Sampah merupakan barang atau benda yang dibuang karena tidak terpakai lagi. Pada kenyataannya sampah menjadi masalah yang selalu timbul baik di kota besar maupun di daerah-daerah. Beberapa alternatif bagaimana cara memanfaatkan sampah kota, sehingga mempunyai nilai ekonomis yang cukup tinggi antara lain sampah dapat dimanfaatkan menjadi kompos, biogas (energi alternatif), papan komposit (komposit serbuk kayu plastik daur ulang), bahan baku dalam pembuatan bata (briket), pengisi tanah, penanaman jamur, media produksi vitamin, media produksi Protein Sel Tunggal (PST), dan lain-lain. Berdasarkan beberapa data analisis yang telah dilakukan peneliti, kandungan kimia yang terdapat di dalam sampah sisa tanaman  adalah sebagai berikut :
Kandungan
Prosentase
Air
10 – 60 %
Senyawa Organik
15 – 35 %
Nitrogen
0,4 – 1,2 %
Fosfor
0,2 – 0,6 %
Kalium
0,8 – 1,5 %
Kapur
4 – 7 %
Karbon
12 – 17 %


Pengolahan sampah organik menjadi pupuk kompos merupakan biokonversi yang sangat baik dimana sampah yang merupakan masalah dikonversi menjadi pupuk tanaman yang memiliki kandungan unsur hara yang tinggi dimana unsur hara ini merupakan komponen utama metabolisme pada tanaman(Sulistyo,2003)
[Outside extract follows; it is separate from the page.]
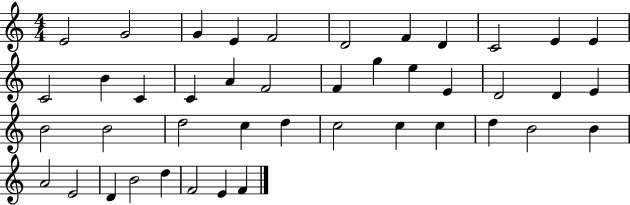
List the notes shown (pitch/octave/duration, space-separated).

E4/h G4/h G4/q E4/q F4/h D4/h F4/q D4/q C4/h E4/q E4/q C4/h B4/q C4/q C4/q A4/q F4/h F4/q G5/q E5/q E4/q D4/h D4/q E4/q B4/h B4/h D5/h C5/q D5/q C5/h C5/q C5/q D5/q B4/h B4/q A4/h E4/h D4/q B4/h D5/q F4/h E4/q F4/q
Keberadaan mikroorganisme di alam mempunyai arti penting dan dampak positif terhadap pencemaran lingkungan. Kemampuan mikroorganisme untuk mendegradasi limbah dan polutan adalah sangat esensial untuk menjaga kualitas dan plingkungan. Keberadaan mikroorganisme tersebut menyebabkan bahan-bahan sisa di lingkungan dapat menghilang atau berubah bentuk. Berdasarkan kemampuan degradatif terhadap bahan organik, beberapa jenis bakteri telah dikomersialisasikan sebagai pupuk biologi atau konsorsia bakteri sebagai inokula penanganan limbah secara aerobik maupun anaerobik antara lain Bacillus megaterium sebagai bakteri pelarut fosfat, Rhizobum melioti dan metanogen sebagai agensia penanganan limbah secara anaerobik dan pembuatan biogas. Penggunaan mikroorganisme untuk penanganan limbah memerlukan berbagai persyaratan yang perlu diperhatikan, antara lain komposisi limbah, teknik atau proses yang dikerjakan (dalam kondisi aerob atau anaerob) dan alat yang digunakan disesuaikan dengan kondisi lokal. Optimasi aktivitas mikrobia pada dekomposisi sampah mempunyai implikasi ekonomi penting. Sebagai contoh, pemanfaatan gas metana dari lanfill dan digester anaerob dapat merupakan hasil aklhir yang dapat dipasarkan sebagai sumber tenaga. Di dalam pengomposan, hasil dekomposisi oleh mikroorganisme dapat mereduksi volume sampah, dan menghasilkan bahan yang mempunyai nilai ekonomi sebagai bahan pembenam tanah. Keuntungan lain yang dapat diperoleh dari perombakan sampah oleh mikrobia adalah timbul panas. Panas tersebut dapat menurunkan bahkan membunuh mikrobia patogen(Sutarto,2002)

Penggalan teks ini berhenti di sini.